No se puede pasar por alto el asunto de la esclavitud, que en ese 1830 se mantenía vigente en el país que terminaba de formarse. Diez años antes había empezado su abolición progresiva en la Gran Colombia, gracias a la inspiración bolivariana, y aún faltaban dos décadas más, al menos, para su prohibición definitiva en la que ya sería simplemente Colombia. De manera que, sumado a que la posición del enfermo no daba para más, el mismo ya había hecho lo factible, políticamente, para hacer cesar ese oprobio. Sin embargo, así como también se aprecia en la sobria Quinta de Bolívar, en Bogotá, el rasgo republicano (no necesariamente igualitarista) de su personalidad quizá atemperó lo anterior cuando mandó colgar su hamaca entre dos tamarindos que hoy siguen sembrados al frente de la casa principal de la hacienda, algo que no era sino un reflejo nostálgico de última hora.

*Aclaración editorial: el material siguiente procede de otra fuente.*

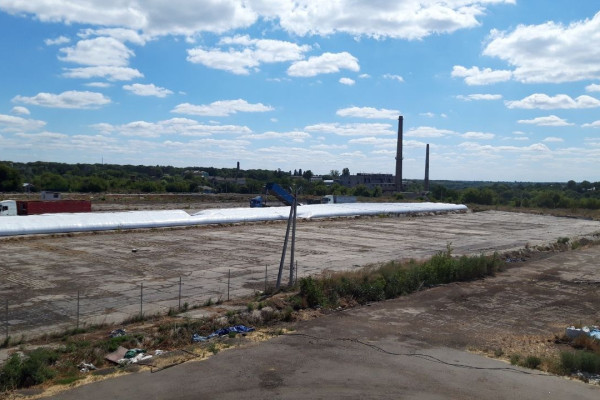 Майновий комплекс 10 га з елеватором на 19 000 тон зерна в Київській області 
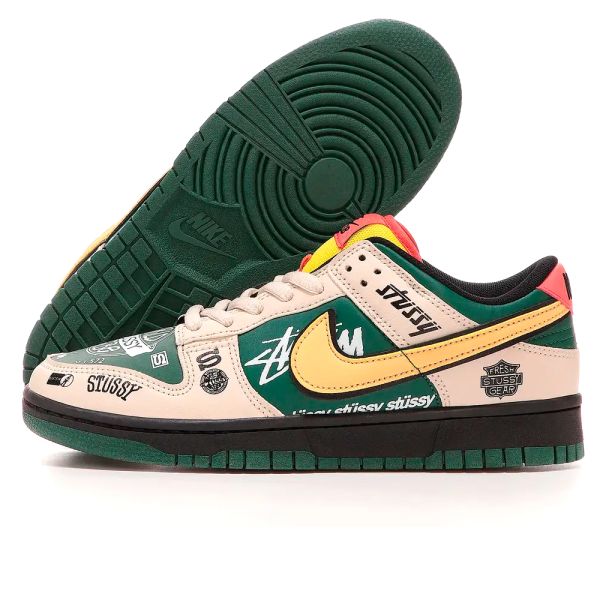 Nike SB Dunk Low X Stussy 572 Green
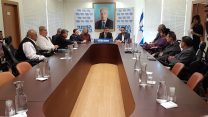 סיעת המחנה הציוני הגישה הצעת חוק להעלאת קצבאות הנכים (צילום: דוברות המחנה הציוני).
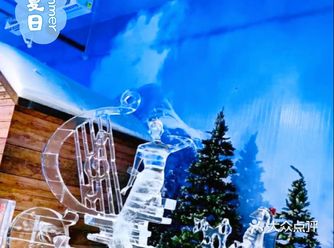 超可的宝藏冰雪世界乐园V带娃降降温哦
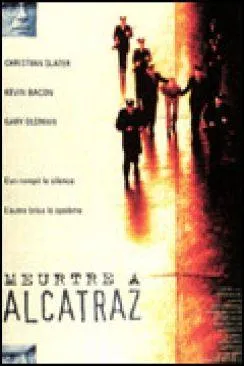 Affiche du film Meurtre à  Alcatraz (Murder in the First) en streaming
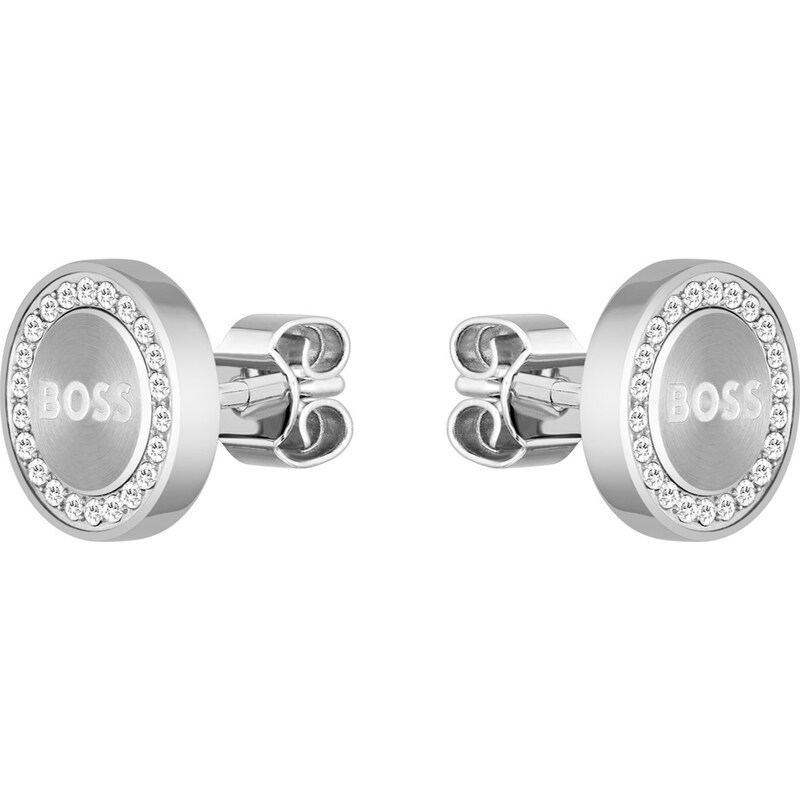 Hugo Boss Luxusné oceľové náušnice Iona 1580558 66581366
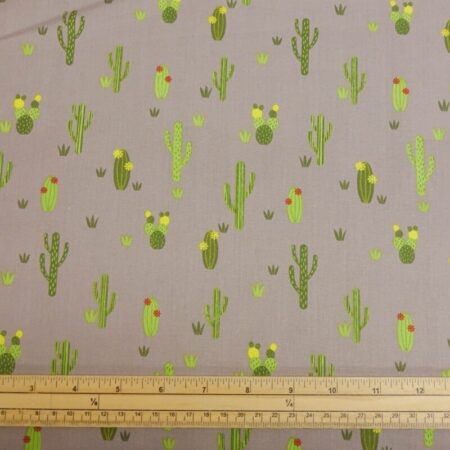 Llama Crossing Cacti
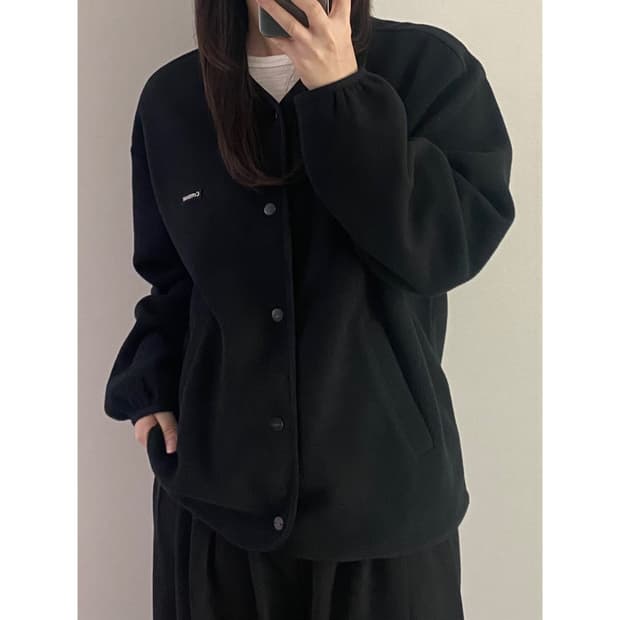 커버낫 후리스 자켓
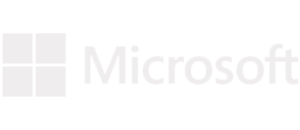 Microsoft logo on a managed IT green background.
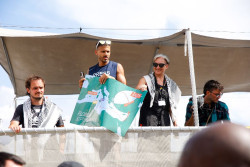 Colau,&iexcl;no tiene nada que hacer&iexcl; desde la Flotilla busca la confrontaci&oacute;n con el Estado de Israel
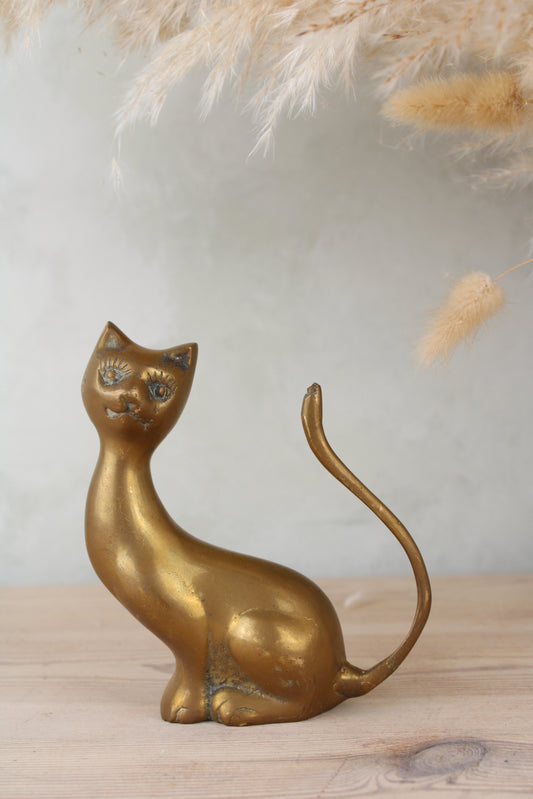 Brass Cat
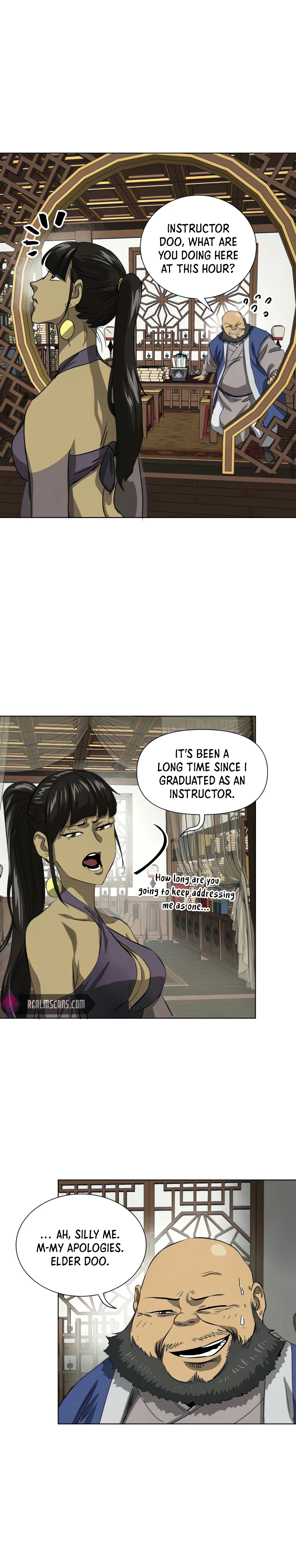 Infinite Leveling: Murim Chapter 119 - 13
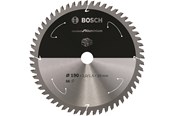 Rundsav - Bosch Standard for Aluminium-rundsavklinge til batteridrevne save 190x2/1,5x20 T56 - 2608837770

Nostalgia por la gloria política perdida: el claroscuro clave de un patricio que nació en la abundancia y que había preferido la guerra contra el sistema colonial que se la garantizaba. Melancolía del general que perdió a la mujer eterna y que tuvo a todas las demás que quiso por entregas de ocasión. Añoranza del gobernante que se proclamó dictador para que los silenciados tuvieran al menos una voz, la suya. Recuerdos de un consagrado pragmático que creía en la unión de poderes e idiosincrasias apartadas, como quien niega ser versado en las cosas del mundo, siéndolo. Reminiscencias de aquel cuyo valor fue puesto a prueba mil veces, y que prevaleció aún en la derrota; y que, sin embargo, huyó asustado por una ventana de la furia de una patota de cobardes.

Es inevitable que con la grandeza de ánimo sobrevenga la contradicción como regla de conducta. Tal vez así pensaba Simón Rodríguez de su díscolo discípulo en 1832, cuando soñó con el lugar en que él había fallecido dos años antes; en el sueño, ese escenario estaba situado entre el mar y la montaña, y ambos extremos eran visibles a un tiempo. A García Márquez le pareció que, desde la cabecera de su lecho mortuorio, Bolívar pudo ver esa sierra, a lo mejor nevada, pero dudo de que lo hubiera podido hacer en realidad (lo impedía la destilería cañera); tampoco habría oído las olas del mar tocar la orilla de la playa, pues la más cercana no ha dejado de estar a varios kilómetros de allí.